La vida inesperada no es una película sobre modernos caprichosos que juegan a la vida bohemia en las zonas pijas de Brooklyn. Es una película sobre emigrantes y sobre exiliados, sobre la llegada de esa frontera en el tiempo en la que ya no es posible seguir alimentando incondicionalmente ilusiones juveniles que tal vez fueron espejismos, sobre una ciudad que parece prometer mucho y exigir también mucho a cambio y que con mucha frecuencia no cumple ninguna promesa pero exige sin miramiento el pago de hasta la más mínima deuda. La vida inesperada es una película sobre el fervor de la vocación y la rareza del talento, y sobre el injusticia de que muchas veces la vocación y el talento tengan poco que ver entre sí, porque son muchos los llamados y pocos los elegidos, y porque además el talento no basta. Entre el talento y el éxito media la lotería injusta del azar, el don de la oportunidad, el favor de la moda. Se puede tener mucha vocación para algo y no ser bueno. Se puede ser muy bueno y no tener éxito. Y todo eso se multiplica en una ciudad como ésta, donde hay un exceso de todo, de talentos verdaderos y de talentos ficticios, de vocaciones sin porvenir y oportunidades auténticas o ilusorias, y donde la vida, la vida cotidiana para la mayor parte de la gente, es muy dura, las distancias muy grandes, la vivienda carísima, y todo eso cada vez más. Pero la gente sigue llegando, y algunos de los que vinieron y no han logrado nada no saben volver o no pueden volver, porque en los países de origen las cosas puede que anden peor aún, y porque ha pasado el tiempo y uno ya perdió el paso de las cosas de allí, o quizás siente vergüenza, al cabo de los años, de regresar con la cabeza baja y las manos vacías.

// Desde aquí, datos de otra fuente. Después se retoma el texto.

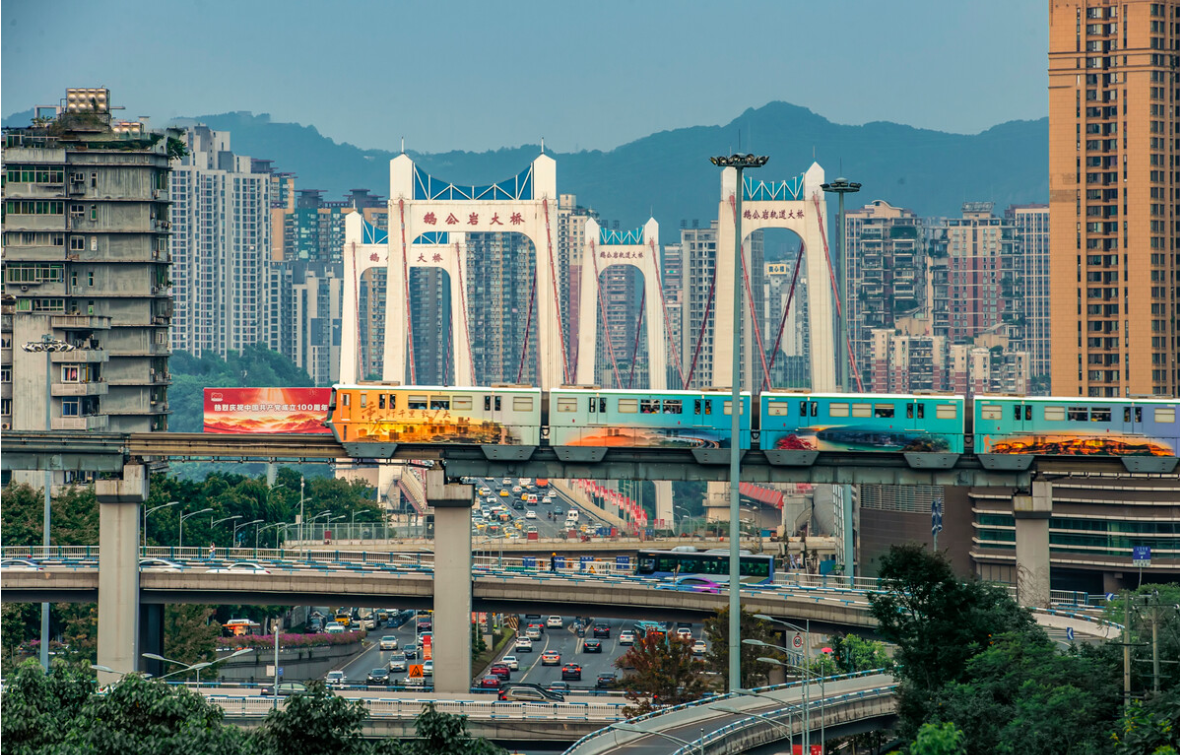 桥都重庆主城的这四座桥个个都是网红,你知道哪座桥人气最旺吗?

De eso trata la película. De las resignaciones y las astucias que uno tiene que urdir para continuar viviendo. De un librero porteño que llegó a Nueva York huyendo de los militares crimiales de su país y tuvo que hacerse tendero de ultramarinos, y por esas cosas de la vida ha logrado poner una tienda muy digna. De un actor español que se ve a sí mismo de pronto en la línea de sombra al final de la juventud. De su primo que como lo ha tenido siempre todo no sabe lo que quiere. Y también trata de personajes de aquí, siendo tan difícil imaginar y dar voz a alguien que pertenece a otro país y a otro idioma. El desarraigo, en La vida inesperada, no es solo de españoles poco acostumbrados a desprenderse del calor de la familia, sino también de americanos que vinieron a Nueva York en busca de espejismos semejantes, porque esta ciudad también está llena de refugiados de ese continente desconocido e inmenso que empieza al otro lado del río Hudson, como en el dibujo de Saul Steinberg. Dos de mis personajes favoritos de la película son esas dos mujeres, Jody y Holly, que conocen un desarraigo mayor todavía que el de los españoles, aunque estén en su propio país, porque tienen menos asideros emocionales y menos referencias seguras.

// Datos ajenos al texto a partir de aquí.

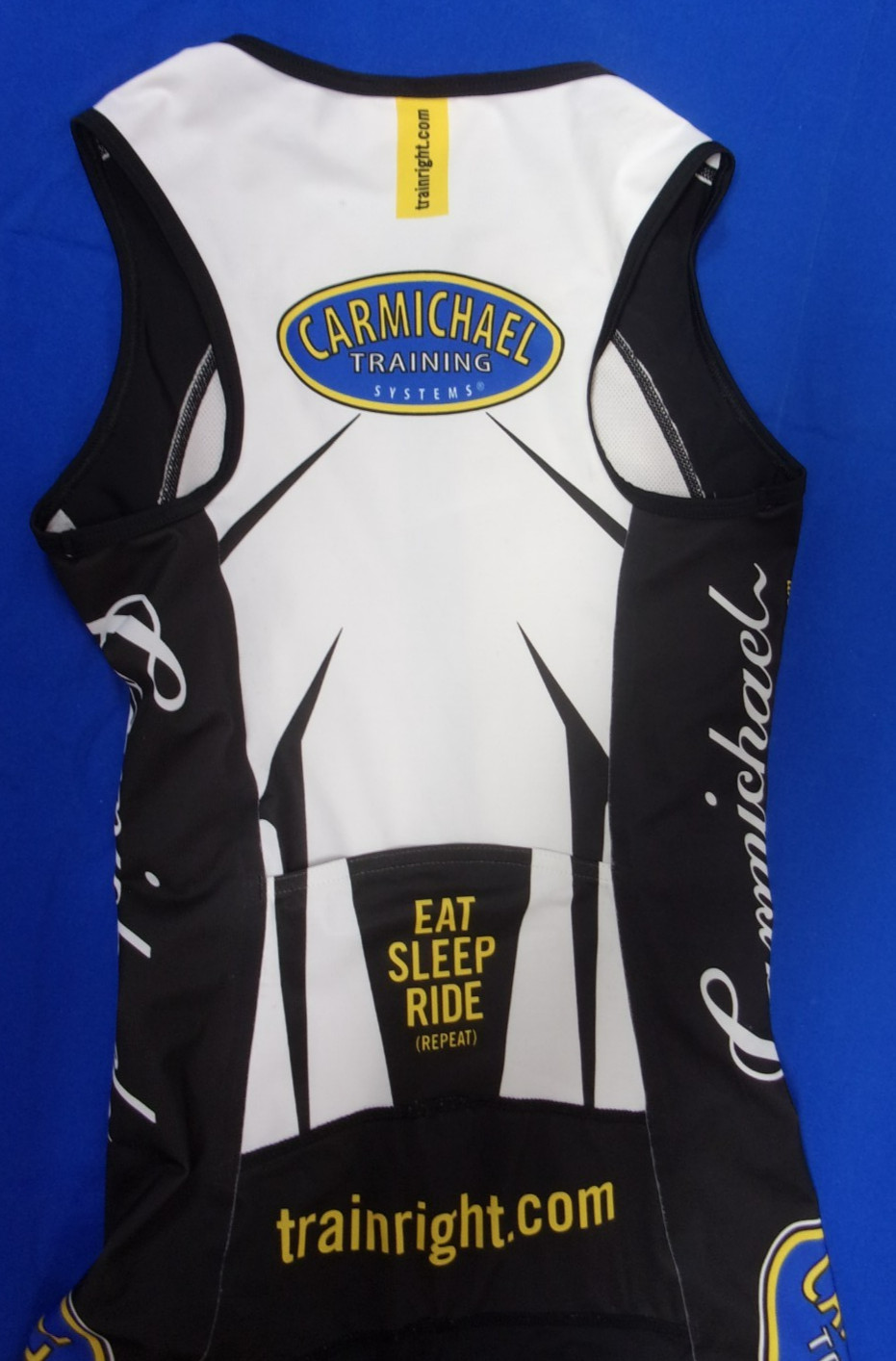DESIGNER PANACHE CARMICHAEL TRAINING SYSTEMS CYCLING BLACK SUIT SIZE SMALL
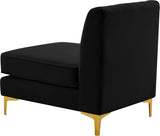 Alina Modular Contemporary Armless Chair with Deep Channel Tufting – Stylish & Customizable Seating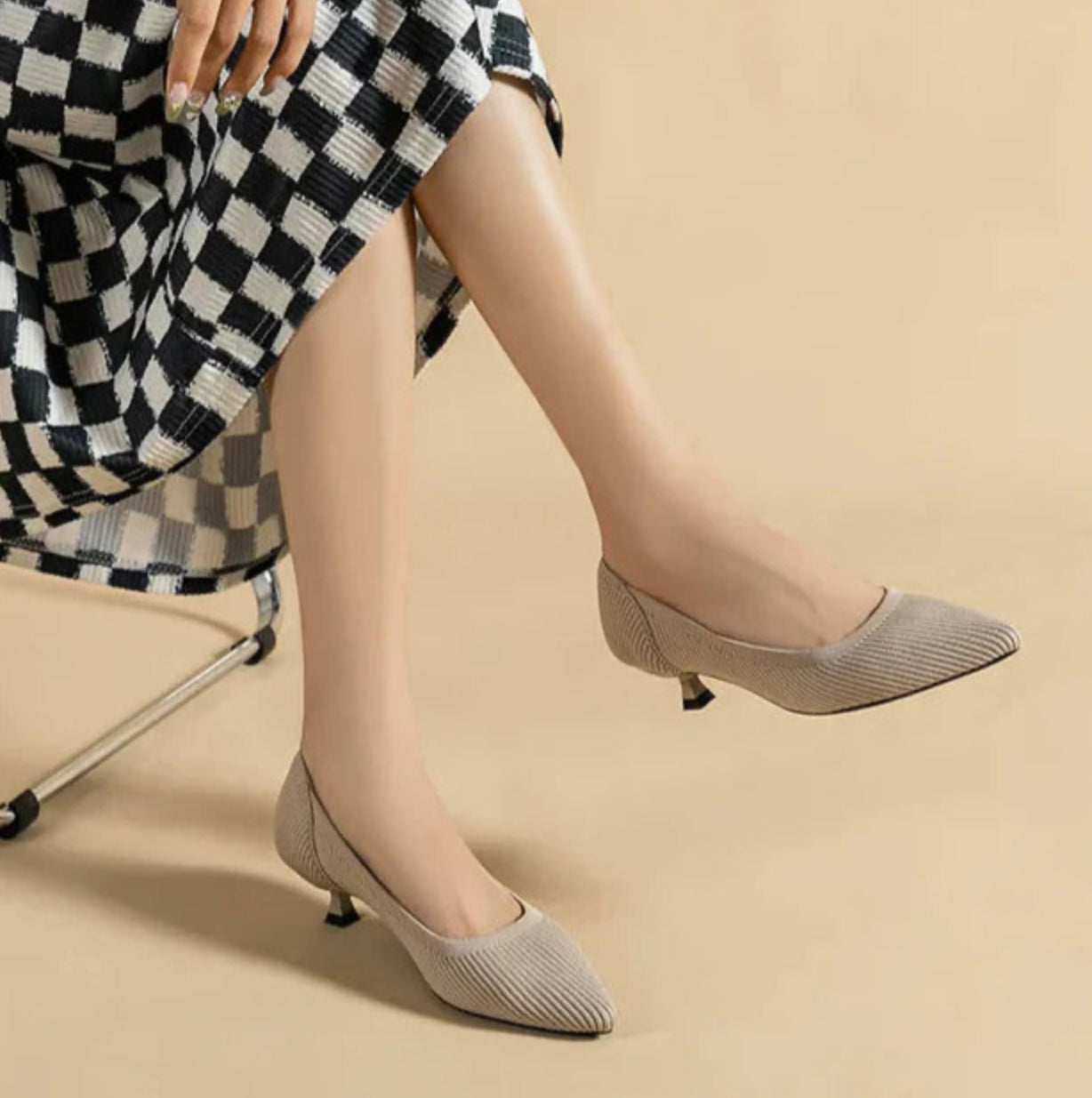 Carolyn | Knit Comfort Pumps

Una película ha de impresionar por su unidad estética, pero es un trabajo tan colectivo como un edificio. Elvira puso su inventiva lingüística, su predilección por los personajes habladores y un poco perdidos, su sentido del humor que siendo tan afilado está limpio de sarcasmo y lleno de comprensión y compasión. Javier, Carmen, Tammy Blanchard, Raúl, han puesto en la película la fragilidad y la ilusión del oficio al que se dedican. Jorge Torregrossa la ha dirigido con toda la solvencia de su oficio y todo su conocimiento de una ciudad en la que vivió siete años. Quico de la Rica ha fotografiado la luces verdaderas de Nueva York. Lucio Godoy compuso una partitura extraordinaria. Durante siete años Elvira escribió una tras otra versiones del guión, y ella y Javier y la productora, Beatriz Bodegas, lograron el prodigio de reunir, en años de quiebra, el dinero necesario para rodar en Nueva York.
Un respeto.
Una de las grandes injusticias congénitas a todos los oficios relacionados con las artes es la diferencia entre el esfuerzo que requiere levantar una obra y lo barato y descansado que resulta demolerla. Es así, y no podemos quejarnos. Hacemos lo que nos gusta y le dedicamos nuestra vida y puede que no obtenga reconocimiento, o que casi nunca o nunca salga como hubiéramos querido. Pero al menos un poco de seriedad y de rigor, un cierto grado de respeto al trabajo, sí que habría que exigirles a quienes tan descansadamente ejercen la potestad de lo que en culturas más serias se llama crítica de cine.